Studio album by Sofia Talvik
- Released: 12 May 2010
- Genre: Americana; folk; indie pop;
- Length: 33:13
- Label: Makaki Music
- Producer: Sofia Talvik

Sofia Talvik chronology
| Jonestown (2008) | Florida (2010) | Florida - Acoustic (2010) |

= Florida (Sofia Talvik album) =

Album by Sofia Talvik

Florida is the fourth studio album by Swedish folk musician Sofia Talvik.
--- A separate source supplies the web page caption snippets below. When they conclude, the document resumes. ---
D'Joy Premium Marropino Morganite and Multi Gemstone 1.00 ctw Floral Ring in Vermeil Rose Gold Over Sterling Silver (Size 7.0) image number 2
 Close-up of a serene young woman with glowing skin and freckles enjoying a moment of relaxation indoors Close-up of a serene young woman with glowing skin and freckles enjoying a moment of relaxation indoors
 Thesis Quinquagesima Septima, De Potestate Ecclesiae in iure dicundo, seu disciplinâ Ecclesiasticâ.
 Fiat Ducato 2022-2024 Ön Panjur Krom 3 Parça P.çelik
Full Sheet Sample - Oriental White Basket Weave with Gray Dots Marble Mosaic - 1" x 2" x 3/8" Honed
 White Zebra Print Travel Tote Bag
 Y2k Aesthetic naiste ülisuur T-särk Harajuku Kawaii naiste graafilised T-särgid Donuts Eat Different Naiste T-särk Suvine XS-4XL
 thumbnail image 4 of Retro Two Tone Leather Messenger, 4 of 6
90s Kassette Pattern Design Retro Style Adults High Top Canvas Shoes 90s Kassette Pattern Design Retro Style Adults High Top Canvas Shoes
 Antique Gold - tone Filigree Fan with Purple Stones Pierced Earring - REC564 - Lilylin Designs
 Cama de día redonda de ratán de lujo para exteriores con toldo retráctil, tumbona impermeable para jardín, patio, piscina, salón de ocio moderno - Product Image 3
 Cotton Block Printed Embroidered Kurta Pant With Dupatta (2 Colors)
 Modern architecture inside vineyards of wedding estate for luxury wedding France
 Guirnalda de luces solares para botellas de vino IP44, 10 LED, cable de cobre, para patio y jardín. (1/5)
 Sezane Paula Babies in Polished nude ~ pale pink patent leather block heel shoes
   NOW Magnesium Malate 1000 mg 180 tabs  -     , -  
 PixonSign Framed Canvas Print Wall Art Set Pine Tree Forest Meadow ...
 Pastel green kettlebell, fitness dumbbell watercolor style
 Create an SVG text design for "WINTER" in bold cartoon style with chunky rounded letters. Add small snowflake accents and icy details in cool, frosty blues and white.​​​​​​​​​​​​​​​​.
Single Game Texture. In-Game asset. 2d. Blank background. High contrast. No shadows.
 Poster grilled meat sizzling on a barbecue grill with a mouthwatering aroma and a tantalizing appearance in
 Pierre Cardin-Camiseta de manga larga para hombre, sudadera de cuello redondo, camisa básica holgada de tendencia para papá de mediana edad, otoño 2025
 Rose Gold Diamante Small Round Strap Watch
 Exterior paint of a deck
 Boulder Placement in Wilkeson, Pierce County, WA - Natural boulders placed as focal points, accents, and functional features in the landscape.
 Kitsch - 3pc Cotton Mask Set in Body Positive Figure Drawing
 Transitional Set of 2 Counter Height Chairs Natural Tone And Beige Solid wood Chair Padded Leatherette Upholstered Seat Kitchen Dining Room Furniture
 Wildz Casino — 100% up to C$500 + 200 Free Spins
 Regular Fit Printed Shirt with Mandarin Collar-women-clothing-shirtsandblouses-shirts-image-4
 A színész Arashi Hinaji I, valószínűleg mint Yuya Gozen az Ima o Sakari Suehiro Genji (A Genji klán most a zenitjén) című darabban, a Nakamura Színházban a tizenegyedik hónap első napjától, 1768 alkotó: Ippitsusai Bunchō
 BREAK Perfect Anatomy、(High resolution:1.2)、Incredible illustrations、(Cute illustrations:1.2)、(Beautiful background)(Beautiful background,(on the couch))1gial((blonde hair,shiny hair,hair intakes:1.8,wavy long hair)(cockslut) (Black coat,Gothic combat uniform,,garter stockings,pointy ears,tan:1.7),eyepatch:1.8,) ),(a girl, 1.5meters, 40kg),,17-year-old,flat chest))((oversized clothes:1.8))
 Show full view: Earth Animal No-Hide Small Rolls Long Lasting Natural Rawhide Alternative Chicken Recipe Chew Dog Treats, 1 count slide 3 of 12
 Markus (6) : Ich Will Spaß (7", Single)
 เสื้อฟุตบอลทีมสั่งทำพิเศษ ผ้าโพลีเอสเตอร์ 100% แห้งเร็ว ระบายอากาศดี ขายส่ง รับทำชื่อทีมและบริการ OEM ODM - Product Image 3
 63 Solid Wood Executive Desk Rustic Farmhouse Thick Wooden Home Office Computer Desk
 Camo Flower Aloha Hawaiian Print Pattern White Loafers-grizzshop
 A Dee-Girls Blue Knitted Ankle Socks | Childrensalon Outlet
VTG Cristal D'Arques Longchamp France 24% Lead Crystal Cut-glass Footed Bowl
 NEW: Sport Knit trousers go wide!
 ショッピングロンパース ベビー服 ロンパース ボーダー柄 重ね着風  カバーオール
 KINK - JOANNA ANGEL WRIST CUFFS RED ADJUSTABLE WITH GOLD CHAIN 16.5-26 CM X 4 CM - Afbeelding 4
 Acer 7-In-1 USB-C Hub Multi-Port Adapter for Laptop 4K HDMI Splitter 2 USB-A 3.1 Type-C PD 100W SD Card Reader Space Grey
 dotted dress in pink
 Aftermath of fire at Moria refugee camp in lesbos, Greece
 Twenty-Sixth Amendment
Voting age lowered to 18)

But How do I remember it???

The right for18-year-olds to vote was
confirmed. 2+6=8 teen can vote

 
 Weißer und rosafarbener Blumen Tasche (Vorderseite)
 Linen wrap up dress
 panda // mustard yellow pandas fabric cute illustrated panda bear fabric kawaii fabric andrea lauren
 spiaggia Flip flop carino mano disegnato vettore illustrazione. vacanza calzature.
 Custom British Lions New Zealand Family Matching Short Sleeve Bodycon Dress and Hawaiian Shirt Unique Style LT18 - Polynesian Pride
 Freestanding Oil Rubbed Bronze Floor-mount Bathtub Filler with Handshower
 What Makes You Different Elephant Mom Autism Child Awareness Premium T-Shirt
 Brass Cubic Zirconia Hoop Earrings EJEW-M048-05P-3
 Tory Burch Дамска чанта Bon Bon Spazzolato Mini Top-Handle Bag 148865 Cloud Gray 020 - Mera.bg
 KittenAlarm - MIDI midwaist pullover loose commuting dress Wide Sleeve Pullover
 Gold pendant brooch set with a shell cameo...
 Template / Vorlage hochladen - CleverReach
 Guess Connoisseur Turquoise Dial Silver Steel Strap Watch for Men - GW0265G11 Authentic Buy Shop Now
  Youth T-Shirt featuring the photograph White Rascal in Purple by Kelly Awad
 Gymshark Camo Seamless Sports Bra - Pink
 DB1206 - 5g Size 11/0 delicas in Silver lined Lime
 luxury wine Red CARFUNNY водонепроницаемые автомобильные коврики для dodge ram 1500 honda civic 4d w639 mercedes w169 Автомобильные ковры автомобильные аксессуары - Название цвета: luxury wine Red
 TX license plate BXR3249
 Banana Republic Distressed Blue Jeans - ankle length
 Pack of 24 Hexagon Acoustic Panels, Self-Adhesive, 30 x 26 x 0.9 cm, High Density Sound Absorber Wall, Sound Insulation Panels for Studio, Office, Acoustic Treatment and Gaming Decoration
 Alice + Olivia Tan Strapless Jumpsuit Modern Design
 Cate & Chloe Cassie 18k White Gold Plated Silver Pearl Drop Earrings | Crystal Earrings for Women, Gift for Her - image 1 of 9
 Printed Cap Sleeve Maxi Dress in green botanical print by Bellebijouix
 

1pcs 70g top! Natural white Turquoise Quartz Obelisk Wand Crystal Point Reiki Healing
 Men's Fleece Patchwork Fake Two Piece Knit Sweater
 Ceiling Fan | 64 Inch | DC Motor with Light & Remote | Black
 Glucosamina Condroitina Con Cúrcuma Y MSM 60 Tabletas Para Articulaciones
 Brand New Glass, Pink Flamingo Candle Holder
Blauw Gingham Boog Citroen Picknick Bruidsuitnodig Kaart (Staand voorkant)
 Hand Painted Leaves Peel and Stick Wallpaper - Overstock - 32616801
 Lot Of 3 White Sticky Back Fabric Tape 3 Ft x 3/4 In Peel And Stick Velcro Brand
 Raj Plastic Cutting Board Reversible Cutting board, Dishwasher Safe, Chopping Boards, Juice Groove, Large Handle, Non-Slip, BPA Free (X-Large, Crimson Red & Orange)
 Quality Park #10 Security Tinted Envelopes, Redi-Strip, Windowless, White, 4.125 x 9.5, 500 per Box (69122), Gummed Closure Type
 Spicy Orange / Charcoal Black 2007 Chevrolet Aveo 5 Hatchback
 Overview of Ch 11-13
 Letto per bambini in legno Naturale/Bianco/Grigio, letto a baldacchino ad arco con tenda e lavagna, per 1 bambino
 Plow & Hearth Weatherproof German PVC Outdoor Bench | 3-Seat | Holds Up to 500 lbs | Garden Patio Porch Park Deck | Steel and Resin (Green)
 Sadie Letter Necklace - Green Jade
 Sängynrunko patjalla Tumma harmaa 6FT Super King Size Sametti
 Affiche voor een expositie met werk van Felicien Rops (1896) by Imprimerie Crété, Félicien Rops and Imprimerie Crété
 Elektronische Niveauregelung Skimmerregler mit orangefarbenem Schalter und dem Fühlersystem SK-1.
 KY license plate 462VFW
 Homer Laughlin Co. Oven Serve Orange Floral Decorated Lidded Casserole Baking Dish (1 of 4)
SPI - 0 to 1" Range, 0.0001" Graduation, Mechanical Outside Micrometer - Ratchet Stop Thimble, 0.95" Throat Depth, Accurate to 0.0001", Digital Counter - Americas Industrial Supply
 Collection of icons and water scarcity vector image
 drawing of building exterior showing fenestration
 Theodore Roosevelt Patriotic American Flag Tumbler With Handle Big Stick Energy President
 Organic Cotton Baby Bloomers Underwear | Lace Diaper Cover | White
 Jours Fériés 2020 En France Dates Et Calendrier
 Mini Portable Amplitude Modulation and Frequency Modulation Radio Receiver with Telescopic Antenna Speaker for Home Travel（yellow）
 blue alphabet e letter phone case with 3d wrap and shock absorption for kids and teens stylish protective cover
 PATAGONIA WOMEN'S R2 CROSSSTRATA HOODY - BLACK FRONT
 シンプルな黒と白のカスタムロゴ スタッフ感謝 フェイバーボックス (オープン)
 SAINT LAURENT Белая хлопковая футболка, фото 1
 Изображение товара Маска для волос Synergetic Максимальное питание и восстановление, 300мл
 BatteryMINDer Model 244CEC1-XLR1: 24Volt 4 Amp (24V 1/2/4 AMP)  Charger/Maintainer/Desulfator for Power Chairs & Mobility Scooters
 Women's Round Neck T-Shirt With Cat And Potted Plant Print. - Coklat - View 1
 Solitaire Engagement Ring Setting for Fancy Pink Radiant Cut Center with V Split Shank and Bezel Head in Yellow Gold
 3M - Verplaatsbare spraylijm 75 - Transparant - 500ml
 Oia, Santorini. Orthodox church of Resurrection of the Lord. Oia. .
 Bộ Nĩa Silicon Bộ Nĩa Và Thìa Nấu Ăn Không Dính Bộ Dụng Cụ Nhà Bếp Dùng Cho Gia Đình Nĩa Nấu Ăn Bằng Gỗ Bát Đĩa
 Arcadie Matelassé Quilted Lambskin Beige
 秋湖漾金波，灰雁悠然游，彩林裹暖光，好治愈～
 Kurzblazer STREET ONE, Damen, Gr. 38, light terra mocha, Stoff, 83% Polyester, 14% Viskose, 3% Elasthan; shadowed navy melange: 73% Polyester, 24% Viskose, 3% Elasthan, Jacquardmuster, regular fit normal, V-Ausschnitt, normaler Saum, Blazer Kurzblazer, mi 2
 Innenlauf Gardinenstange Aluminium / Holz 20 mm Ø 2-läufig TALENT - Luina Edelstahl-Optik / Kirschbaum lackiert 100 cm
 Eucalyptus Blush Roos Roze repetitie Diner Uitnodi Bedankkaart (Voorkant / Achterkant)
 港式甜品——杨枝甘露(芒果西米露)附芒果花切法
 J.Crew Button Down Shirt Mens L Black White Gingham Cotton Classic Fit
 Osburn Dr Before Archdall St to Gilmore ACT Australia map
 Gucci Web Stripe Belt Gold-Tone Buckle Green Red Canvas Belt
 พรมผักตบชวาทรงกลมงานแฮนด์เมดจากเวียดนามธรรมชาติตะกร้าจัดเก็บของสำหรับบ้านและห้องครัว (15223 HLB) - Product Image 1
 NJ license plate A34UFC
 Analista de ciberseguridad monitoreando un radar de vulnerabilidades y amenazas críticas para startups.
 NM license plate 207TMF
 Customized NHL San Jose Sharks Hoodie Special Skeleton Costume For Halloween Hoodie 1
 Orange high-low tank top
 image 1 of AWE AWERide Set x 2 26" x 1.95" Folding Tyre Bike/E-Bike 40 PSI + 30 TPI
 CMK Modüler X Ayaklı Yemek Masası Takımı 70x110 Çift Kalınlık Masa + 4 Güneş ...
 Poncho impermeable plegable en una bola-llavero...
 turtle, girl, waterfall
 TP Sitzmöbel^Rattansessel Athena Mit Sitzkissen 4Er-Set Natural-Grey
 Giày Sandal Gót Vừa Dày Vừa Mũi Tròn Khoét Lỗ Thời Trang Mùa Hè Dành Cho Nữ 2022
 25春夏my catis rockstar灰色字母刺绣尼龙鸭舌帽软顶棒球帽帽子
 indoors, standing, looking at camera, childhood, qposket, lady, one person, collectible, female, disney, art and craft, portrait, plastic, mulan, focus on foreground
It was released in 2010.

==Track listing==

| No. | Title | Length |
|---|---|---|
| 1. | "King of the Willow Tree" | 3:10 |
| 2. | "Florida" | 2:45 |
| 3. | "As We Catch on Fire" | 4:07 |
| 4. | "In the Eye of the Storm" | 3:28 |
| 5. | "You Plate Your Heart with Gold" | 3:53 |
| 6. | "More Than I Should Have" | 2:32 |
| 7. | "Paperhouse" | 3:11 |
| 8. | "The Light" | 3:23 |
| 9. | "You Bring Me Back" | 3:01 |
| 10. | "Maybe Then Will Be When" | 3:43 |
| Total length: |  | 33:13 |

==Critical reception==
A reviewer for CD Baby wrote: "It's not often that an album takes your breath away, and I hate to sound hyperbolic, but Florida actually has several 'Oh my god!' moments of sheer beauty."